Creato il 19 marzo 2011 da Yourpluscommunication


«Sono passati tanti anni e non ho più voglia di parlarne»: così Alfeo Zanetti, attraverso il fratello, declina l’invito a parlare di cosa accadde davvero a Milano, quel 3 novembre 1977 che cambiò per sempre la vita della famiglia Saporito. La rapina alle poste di via Castel Morrone fu un episodio di criminalità comune o una operazione di «autofinanziamento» per un’organizzazione terrorista? La risposta sta nelle carte che, su richiesta dei Saporito, la Procura milanese ha raccolto: quell’assalto fu opera di due militanti dei Nap, i Nuclei armati proletari, banda fiorita nel terreno di confine tra terrorismo e malavita comune.

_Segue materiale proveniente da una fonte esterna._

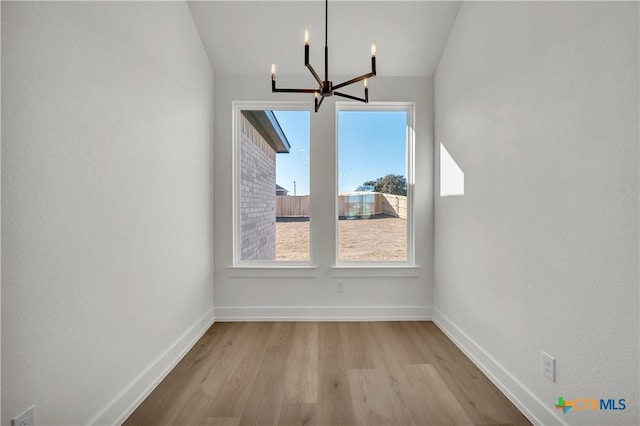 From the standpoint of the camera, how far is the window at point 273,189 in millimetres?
3061

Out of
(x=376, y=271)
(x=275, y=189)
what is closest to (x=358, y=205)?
(x=376, y=271)

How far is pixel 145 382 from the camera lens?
176 centimetres

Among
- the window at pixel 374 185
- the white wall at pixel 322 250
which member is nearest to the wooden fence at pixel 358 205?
the window at pixel 374 185

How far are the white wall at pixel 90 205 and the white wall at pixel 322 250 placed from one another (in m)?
0.72

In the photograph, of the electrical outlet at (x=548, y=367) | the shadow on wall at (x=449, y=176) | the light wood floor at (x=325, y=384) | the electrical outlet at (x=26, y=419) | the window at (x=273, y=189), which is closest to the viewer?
the electrical outlet at (x=26, y=419)

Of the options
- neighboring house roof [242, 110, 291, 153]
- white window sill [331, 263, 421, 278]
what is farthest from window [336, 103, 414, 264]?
neighboring house roof [242, 110, 291, 153]

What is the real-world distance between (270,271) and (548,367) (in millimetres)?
2321

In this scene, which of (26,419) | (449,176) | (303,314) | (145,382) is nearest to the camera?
(26,419)

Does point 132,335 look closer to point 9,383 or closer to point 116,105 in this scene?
point 9,383

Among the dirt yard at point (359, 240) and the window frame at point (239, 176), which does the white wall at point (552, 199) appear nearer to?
the dirt yard at point (359, 240)

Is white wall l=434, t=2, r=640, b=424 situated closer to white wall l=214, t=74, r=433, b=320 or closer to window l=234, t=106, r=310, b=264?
white wall l=214, t=74, r=433, b=320

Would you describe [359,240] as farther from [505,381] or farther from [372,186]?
[505,381]

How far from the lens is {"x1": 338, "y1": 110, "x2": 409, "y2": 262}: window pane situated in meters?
3.09

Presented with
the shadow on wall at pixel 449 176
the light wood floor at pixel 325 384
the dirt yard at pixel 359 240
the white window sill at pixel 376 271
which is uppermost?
the shadow on wall at pixel 449 176
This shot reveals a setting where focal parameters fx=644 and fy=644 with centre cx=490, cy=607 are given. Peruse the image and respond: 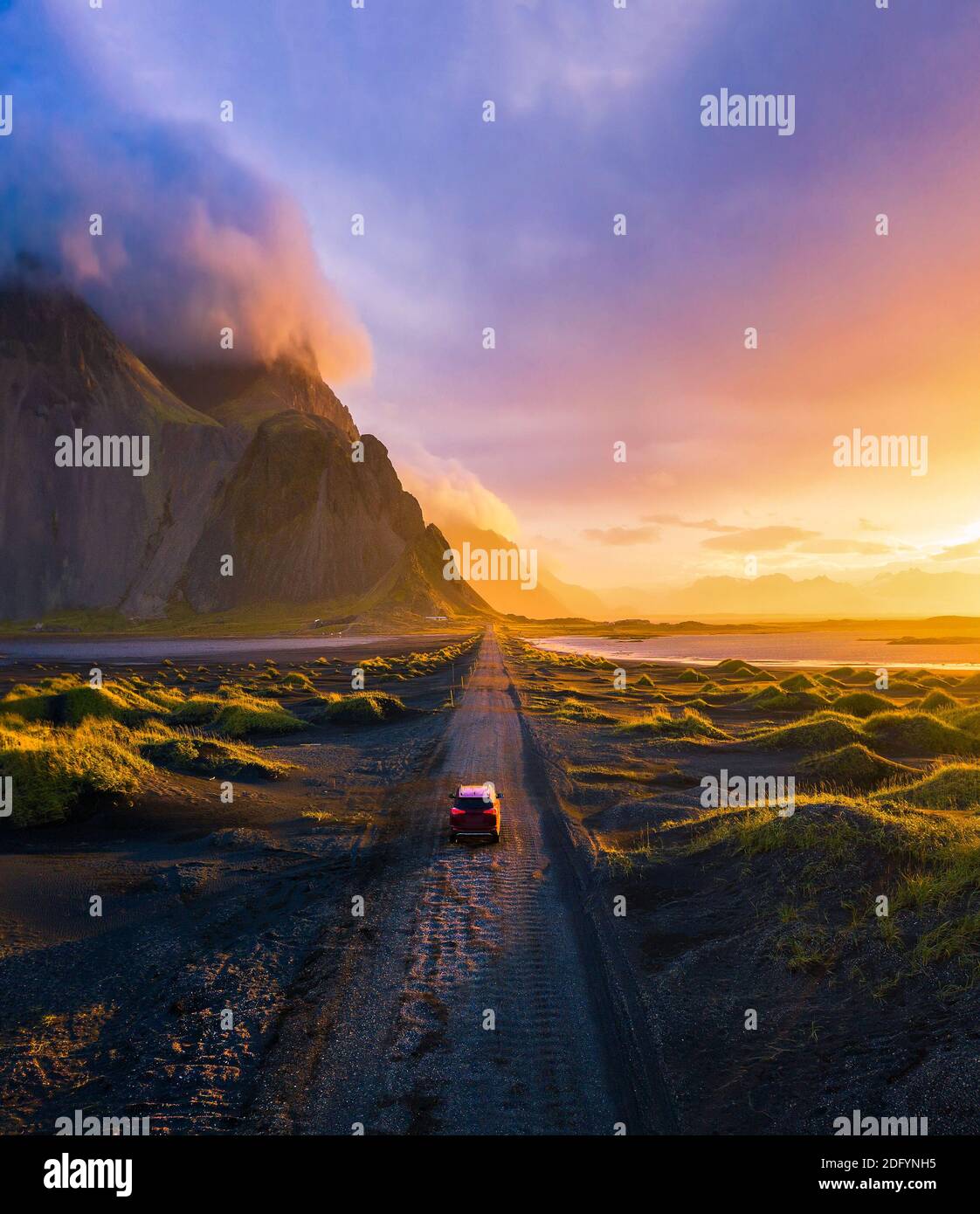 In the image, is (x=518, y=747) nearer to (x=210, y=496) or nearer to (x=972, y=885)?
(x=972, y=885)

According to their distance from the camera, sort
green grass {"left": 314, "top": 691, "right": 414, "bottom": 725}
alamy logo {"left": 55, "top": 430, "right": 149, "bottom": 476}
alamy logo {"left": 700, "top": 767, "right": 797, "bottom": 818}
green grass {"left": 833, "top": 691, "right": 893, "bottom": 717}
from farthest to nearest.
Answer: alamy logo {"left": 55, "top": 430, "right": 149, "bottom": 476} < green grass {"left": 833, "top": 691, "right": 893, "bottom": 717} < green grass {"left": 314, "top": 691, "right": 414, "bottom": 725} < alamy logo {"left": 700, "top": 767, "right": 797, "bottom": 818}

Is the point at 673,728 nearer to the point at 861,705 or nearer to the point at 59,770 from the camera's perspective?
the point at 861,705

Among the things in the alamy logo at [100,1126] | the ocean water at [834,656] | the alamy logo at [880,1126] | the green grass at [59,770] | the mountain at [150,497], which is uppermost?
the mountain at [150,497]

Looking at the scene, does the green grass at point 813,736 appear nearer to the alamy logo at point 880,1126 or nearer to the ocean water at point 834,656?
the alamy logo at point 880,1126

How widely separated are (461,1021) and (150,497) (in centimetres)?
18279

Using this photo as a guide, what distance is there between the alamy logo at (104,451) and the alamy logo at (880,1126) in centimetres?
17952

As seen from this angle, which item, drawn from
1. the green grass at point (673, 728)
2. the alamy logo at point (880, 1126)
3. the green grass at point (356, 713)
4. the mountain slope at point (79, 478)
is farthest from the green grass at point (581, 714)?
the mountain slope at point (79, 478)

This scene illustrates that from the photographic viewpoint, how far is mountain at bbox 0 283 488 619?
5802 inches

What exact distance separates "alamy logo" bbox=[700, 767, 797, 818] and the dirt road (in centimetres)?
556

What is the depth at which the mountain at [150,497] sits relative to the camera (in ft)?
484

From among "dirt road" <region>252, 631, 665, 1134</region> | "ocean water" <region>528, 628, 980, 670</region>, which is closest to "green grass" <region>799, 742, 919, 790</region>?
"dirt road" <region>252, 631, 665, 1134</region>

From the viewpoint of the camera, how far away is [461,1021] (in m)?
7.64

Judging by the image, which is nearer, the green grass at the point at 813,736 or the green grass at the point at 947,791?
the green grass at the point at 947,791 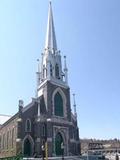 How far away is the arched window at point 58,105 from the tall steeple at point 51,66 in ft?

La grande fuga Così evasero brigatisti e boss
Tentata evasione dal carcere di San Vittore il 28 aprile 1980 (fonte foto L’Unità e Ansa)

Di quel contagio, scaturito nel chiuso delle carceri speciali, l’episodio più clamoroso fu indubbiamente l’evasione di massa da San Vittore, il 28 aprile 1980. La fuga era stata organizzata meticolosamente, e vide tra i partecipanti i nomi più importanti sia del terrorismo rosso che della criminalità organizzata: dal portone principale, dopo avere immobilizzato le guardie, se ne andarono Renato Vallanzasca, il boss della Comasina e il suo «vice» Antonio Colia; il capo di Prima Linea Corrado Alunni, il leader dei Nap Emanuele Attimonelli, e altri dodici detenuti. La maggior parte non andò lontano: Alunni venne ferito e catturato a pochi passi da San Vittore, Vallanzasca idem. Solo cinque dei fuggiaschi riuscirono a fare perdere le loro tracce: uno era Alfeo Zanetti, il rapinatore-nappista che tre anni prima aveva causato la morte di Giuseppe Saporito.